Wie die Jungfrau zum Kind kommt nun Oettinger zur Verantwortung für die digitale Wirtschaft und Gesellschaft in Europa. Der als "Aktenfresser" bekannte Schwabe, bis dato für das Energieressort auf europäischer Ebene zuständig, soll es nun richten. In diesem Zusammenhang stellt sich ernsthaft die Frage: wie? Mit Verlaub, Oettinger ist ein erfahrener Politiker. Fleißig, akribisch, lange im politischen Zirkus aktiv und mit Steherfähigkeiten in der EU-Politik versehen.
Das ist erst mal ein Pfund. Aber Digitales? Sichtlich um Worte ringend trat Oettinger nach seiner Ernennung vor die Kameras. Seine politischen Gegner spotten: "Da wird der Bock zum Gärtner gemacht", oder "er sei eine Fehlbesetzung". Und Günther Oettinger? Er selbst hält den Ball flach und sieht sich "nicht als digital native". Sicher muss man auch Politikern einen Vertrauensvorschuss geben. Ob 100 Tage, mehr oder weniger, sei dahingestellt. Sicher ist nur, dass die Zeit drängt. Zu viele ungelöste Fragen sind mit dem digitalen Thema verwoben, sollten auf der politischen Agenda eigentlich ganz oben stehen. Angefangen beim Thema Abhörskandale über Cybercrime bis hin zum Zankapfel von Urheberrechten in einer vernetzten Welt.

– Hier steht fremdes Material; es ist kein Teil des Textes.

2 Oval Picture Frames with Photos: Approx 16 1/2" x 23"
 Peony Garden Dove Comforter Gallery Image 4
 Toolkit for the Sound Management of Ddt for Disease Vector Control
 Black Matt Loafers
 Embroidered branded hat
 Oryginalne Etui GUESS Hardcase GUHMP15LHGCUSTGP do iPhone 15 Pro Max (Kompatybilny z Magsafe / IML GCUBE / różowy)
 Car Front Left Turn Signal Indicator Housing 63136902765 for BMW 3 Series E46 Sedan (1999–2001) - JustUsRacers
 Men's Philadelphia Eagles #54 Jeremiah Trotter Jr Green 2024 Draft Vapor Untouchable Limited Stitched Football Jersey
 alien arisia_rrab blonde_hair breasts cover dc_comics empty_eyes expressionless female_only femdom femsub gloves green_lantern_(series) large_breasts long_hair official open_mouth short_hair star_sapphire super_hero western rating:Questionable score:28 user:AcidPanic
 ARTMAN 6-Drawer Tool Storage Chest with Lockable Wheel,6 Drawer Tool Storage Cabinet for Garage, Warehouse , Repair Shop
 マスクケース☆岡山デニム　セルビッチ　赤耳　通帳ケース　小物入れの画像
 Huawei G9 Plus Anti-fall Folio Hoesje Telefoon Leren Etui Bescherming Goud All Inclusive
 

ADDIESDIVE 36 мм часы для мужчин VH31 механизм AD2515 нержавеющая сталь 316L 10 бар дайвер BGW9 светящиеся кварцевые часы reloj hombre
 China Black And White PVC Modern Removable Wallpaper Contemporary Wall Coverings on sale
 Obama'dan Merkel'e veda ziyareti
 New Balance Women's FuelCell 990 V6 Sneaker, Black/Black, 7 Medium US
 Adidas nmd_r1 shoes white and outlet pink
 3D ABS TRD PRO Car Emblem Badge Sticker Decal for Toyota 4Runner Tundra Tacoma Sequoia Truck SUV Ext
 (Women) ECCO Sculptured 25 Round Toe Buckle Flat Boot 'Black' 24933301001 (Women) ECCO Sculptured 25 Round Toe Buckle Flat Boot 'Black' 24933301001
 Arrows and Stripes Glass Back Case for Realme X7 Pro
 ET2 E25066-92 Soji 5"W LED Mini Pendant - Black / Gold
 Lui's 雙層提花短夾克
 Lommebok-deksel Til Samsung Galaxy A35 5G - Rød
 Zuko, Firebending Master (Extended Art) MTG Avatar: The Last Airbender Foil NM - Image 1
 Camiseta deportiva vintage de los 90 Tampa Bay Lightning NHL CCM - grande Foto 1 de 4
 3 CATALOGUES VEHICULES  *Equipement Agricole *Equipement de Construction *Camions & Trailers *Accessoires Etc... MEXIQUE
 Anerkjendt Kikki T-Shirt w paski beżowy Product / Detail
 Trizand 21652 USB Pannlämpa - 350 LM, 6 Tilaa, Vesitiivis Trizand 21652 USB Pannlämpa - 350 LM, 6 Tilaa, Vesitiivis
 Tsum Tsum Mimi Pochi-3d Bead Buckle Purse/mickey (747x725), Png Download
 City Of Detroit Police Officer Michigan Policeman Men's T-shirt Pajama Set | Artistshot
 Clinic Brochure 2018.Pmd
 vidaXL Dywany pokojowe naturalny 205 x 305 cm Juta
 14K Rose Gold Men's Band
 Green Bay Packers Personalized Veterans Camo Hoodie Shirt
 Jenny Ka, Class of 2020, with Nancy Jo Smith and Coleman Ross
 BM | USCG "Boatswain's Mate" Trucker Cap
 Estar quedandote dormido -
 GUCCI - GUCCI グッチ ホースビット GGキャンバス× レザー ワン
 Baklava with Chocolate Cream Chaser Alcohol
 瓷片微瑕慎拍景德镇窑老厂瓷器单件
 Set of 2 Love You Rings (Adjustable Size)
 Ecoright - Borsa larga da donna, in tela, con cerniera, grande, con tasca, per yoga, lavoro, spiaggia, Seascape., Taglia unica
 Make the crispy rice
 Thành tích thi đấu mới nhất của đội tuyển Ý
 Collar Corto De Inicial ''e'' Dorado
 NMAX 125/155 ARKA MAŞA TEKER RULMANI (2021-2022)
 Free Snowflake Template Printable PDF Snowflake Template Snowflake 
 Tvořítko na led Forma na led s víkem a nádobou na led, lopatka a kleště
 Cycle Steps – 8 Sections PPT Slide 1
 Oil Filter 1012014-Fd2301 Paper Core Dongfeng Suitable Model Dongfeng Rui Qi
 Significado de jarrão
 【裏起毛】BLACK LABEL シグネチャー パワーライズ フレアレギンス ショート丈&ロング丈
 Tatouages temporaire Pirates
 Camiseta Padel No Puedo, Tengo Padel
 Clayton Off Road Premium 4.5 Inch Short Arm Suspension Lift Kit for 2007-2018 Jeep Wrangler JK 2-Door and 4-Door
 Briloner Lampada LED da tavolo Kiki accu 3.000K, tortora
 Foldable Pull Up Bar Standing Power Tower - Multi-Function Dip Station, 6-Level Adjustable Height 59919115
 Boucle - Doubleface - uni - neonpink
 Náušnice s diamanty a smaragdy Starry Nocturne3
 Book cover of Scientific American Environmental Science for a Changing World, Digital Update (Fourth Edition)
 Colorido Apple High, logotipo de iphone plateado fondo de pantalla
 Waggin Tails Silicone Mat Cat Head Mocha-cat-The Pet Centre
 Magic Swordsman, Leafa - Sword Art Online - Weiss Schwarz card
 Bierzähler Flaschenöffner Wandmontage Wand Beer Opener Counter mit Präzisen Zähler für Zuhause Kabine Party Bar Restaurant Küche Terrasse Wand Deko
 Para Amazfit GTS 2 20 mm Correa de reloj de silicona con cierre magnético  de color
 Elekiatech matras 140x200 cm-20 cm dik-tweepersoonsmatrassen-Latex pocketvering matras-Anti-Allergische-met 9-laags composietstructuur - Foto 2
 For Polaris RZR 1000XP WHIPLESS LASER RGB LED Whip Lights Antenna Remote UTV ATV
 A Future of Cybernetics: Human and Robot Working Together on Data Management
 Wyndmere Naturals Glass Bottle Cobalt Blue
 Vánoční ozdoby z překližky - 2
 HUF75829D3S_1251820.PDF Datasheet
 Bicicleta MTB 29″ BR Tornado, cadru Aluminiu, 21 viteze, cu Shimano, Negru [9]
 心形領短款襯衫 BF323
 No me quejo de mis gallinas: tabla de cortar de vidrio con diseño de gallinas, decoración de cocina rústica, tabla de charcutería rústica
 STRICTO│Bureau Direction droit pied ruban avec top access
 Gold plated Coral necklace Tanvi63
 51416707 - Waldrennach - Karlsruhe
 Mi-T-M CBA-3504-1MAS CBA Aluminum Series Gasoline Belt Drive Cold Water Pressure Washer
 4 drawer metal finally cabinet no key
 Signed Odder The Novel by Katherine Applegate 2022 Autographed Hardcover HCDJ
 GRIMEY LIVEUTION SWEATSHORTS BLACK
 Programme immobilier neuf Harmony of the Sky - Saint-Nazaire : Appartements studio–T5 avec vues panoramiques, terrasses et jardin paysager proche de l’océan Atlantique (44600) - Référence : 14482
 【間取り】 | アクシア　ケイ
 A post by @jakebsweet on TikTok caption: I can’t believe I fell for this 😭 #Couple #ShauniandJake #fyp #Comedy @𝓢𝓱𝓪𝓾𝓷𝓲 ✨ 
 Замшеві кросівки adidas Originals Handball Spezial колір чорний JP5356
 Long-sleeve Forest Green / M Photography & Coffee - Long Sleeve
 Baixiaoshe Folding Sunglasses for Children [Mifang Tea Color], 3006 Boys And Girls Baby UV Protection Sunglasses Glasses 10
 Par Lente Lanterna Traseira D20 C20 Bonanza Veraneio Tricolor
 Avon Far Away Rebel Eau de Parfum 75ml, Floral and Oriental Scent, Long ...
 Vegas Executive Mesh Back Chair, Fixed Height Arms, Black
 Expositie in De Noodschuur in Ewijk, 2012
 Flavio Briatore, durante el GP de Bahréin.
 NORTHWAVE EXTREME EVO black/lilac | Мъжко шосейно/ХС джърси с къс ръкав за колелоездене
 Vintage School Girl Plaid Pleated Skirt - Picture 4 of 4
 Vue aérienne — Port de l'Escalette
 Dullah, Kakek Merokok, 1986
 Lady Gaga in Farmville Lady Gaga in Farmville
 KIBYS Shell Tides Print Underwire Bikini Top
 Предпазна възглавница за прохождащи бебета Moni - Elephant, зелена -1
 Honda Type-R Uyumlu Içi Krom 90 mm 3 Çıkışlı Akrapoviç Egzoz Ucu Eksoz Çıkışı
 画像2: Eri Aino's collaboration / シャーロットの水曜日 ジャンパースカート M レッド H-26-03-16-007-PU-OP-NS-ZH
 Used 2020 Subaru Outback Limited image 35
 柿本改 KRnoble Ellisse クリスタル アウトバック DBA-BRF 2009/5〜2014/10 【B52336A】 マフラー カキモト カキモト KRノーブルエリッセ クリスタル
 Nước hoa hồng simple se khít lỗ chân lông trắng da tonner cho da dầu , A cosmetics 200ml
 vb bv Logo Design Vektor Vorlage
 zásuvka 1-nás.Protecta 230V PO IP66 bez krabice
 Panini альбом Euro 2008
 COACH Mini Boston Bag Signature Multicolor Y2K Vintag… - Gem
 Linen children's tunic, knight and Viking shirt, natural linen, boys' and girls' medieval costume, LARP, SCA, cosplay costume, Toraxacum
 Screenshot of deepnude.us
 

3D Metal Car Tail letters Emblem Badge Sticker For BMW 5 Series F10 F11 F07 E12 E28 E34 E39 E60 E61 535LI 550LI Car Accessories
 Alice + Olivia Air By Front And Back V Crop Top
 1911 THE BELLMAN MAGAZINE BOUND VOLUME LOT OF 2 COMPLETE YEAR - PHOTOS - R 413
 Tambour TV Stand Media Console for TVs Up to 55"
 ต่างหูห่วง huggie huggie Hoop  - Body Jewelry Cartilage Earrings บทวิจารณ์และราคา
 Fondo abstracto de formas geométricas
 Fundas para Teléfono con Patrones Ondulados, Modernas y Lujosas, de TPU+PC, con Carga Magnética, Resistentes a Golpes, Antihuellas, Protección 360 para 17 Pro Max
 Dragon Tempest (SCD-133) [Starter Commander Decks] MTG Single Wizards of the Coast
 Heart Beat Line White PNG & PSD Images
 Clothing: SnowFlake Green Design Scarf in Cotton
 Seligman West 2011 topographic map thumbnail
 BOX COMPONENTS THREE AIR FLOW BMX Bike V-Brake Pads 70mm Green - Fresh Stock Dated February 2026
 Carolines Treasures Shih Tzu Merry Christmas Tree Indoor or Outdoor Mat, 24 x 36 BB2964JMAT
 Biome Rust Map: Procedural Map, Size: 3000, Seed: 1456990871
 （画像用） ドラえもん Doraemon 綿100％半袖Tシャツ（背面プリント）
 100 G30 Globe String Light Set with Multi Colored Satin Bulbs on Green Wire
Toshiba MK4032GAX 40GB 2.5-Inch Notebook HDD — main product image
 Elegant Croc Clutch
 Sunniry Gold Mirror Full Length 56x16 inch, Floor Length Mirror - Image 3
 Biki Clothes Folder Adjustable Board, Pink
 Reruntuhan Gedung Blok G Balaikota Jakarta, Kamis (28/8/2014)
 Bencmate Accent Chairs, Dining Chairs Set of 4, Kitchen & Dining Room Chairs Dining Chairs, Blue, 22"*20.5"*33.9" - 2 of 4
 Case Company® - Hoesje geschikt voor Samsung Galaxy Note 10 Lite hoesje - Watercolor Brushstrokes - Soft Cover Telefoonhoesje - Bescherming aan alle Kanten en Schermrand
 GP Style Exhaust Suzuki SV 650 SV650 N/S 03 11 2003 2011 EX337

Mit anderen Worten: Wir sind mittendrin. Nur der neue EU-Kommissar scheinbar nicht. Was es braucht, ist ein erfahrener Politiker, der sich in der Sache auskennt. Der Substanz auf dem Feld der digitalen Agenda mitbringt – das Große und Ganze im Blick hat. Sollte es Oettinger nicht gelingen, die drängenden Fragen zu klären und eine einheitliche Marschrichtung vorzugeben, droht ein erneutes (oder weiteres) Versanden der Themen. Ein Risiko, das die möglichen Chancen für einen neuen digitalen Weg in Europa aktuell zu überwiegen scheint.